Weekly Soap Awards – 14th November 2009
If there’s one person you don’t want following you around chatting morals in your ear, then it’s Roy Cropper. We tried counting how many different words the human thesauras used for the word ‘dilemma’ this week – but failed miserably.
Poor old Tony, a heart-attack must have been a picnic compared to a couple of minutes with synonym-happy Papa Vocabulary.
Meanwhile pyro-craziness has spread from London to Yorkshire and Sally scoops an award for her spectacular burning of the Church. She also gets special mention for being an absolute nutter, but no-one else in the sticks seems to have noticed this massive character flaw.
We feel like we’re taking crazy pills here…
“I mustn’t do anything to cause suspicion”, she says before calling Pat to re-arrange their plans.
Pat (who seems to have created a strange little mini-bar in her living room) promptly dials 1471 and is connected to Archie – before you can say “viagra overdose” everyone in the Square knows about their illicit and ridiculous affair.

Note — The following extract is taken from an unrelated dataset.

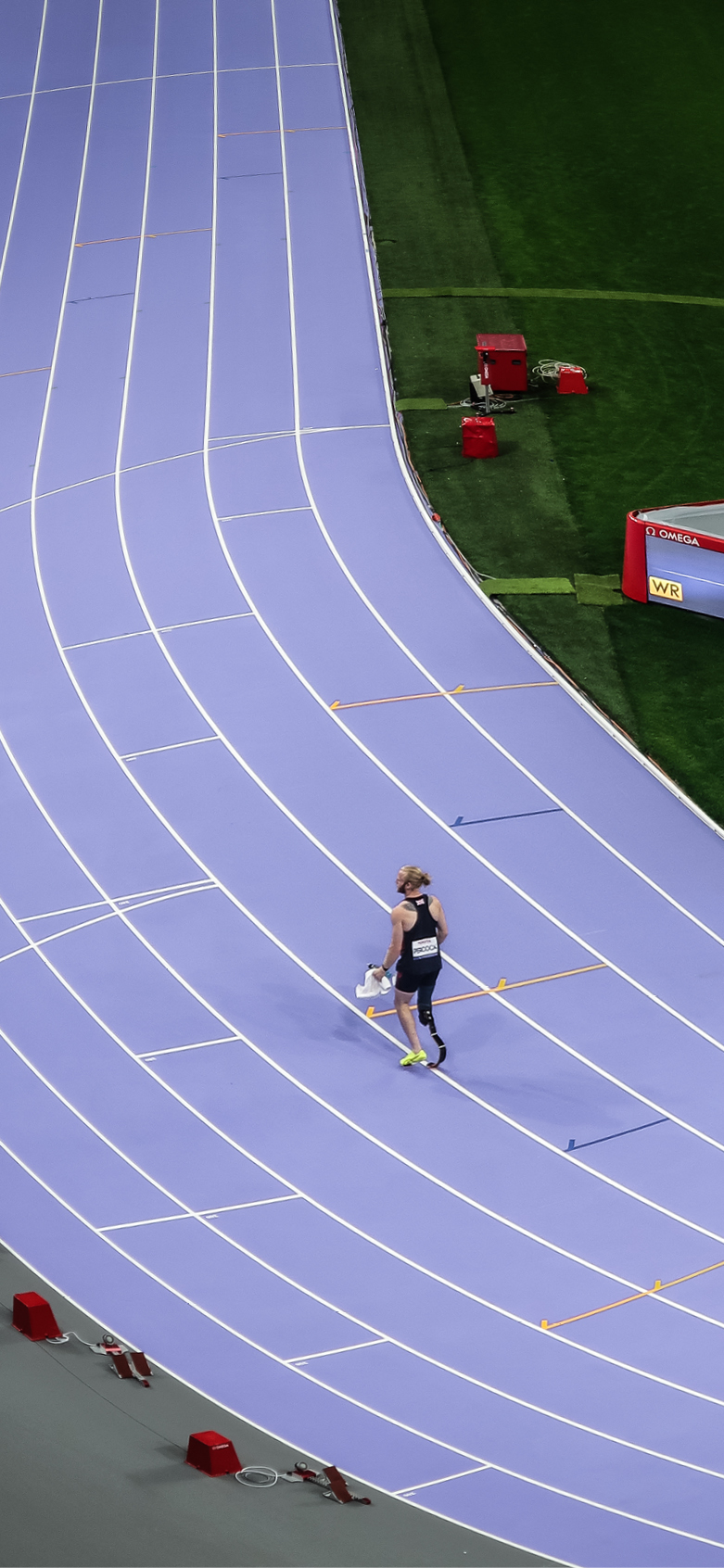 Hinanolab_Mobile_2025_Paris_2024_47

We can see where Grant gets his brains from…
Sally had another go at murdering her love-rival through her apparent weapon of choice (flames) this week.
Unlike Archie Mitchell she managed to set fire to a whole building before returing to watch her handy-work from the comfort of a playground swing – sadly some killjoys rescue Laurel.

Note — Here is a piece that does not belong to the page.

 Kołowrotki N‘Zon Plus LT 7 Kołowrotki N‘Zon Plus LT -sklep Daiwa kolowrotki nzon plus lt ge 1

Sally was last seen heading to town to buy a flame-thrower…
Don’t ask us why – we’re still trying to work out how any of the stall-owners manage to turn a profit when they have a £50-a-day cafe habit.

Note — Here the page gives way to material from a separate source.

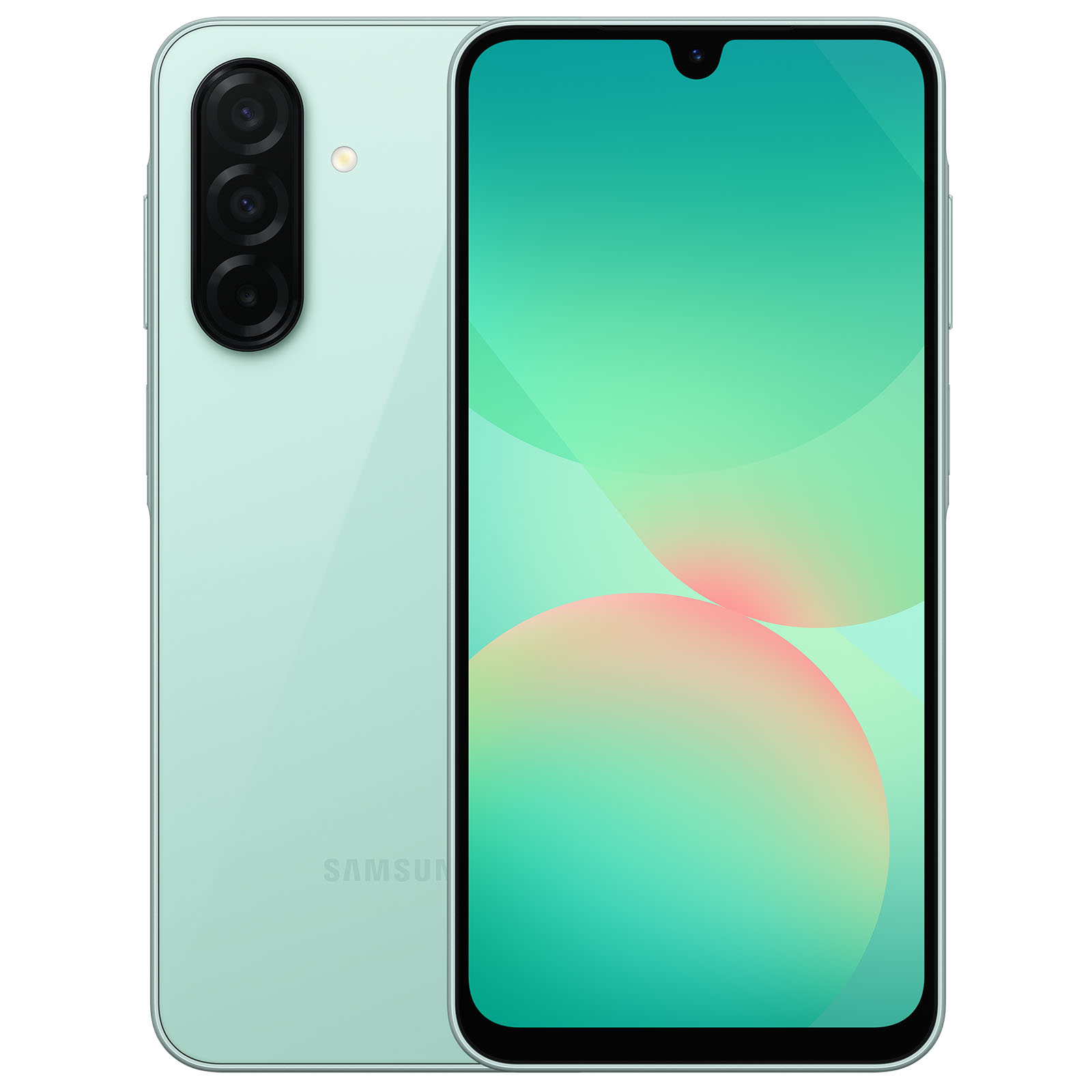 Samsung Galaxy A26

This week’s Casanova was Jay Brown and when his pathetic mugging didn’t get him a date, he hatched a plan to romance Lucie Beale at the boxing club. It backfired horribly when she caught him with a right-hander that David Haye would have been proud of.
Unlike young Jay – we saw it coming.
Emmerdale’s answer to goldenballs has looked like a homeless version of Blue’s Duncan for years.
If you think he looks weird at the minute, wait until England’s free-kick specialist starts hitting the town with a Zack Dingle beard.
“I fully accept that it was not you, nor the sausages at fault – but me…”
Roy gets humble.
Ian Beale has been absolutely on fire this week. He got dumped, got drunk and then tried to snog Max’s wife. His daughter may be a snide little hormone storm, but she’s got a point – the man is having a nervous break-down.
After deciding to get a makeover to cheer himself up he gets the wrong idea from Tanya, moves in for the kill and gets a glass of merlot in his boat race.
To be honest Ian, we think a hair-cut might be more urgent than a face-pack – looking like Gareth from The Office has never been popular with the ladies.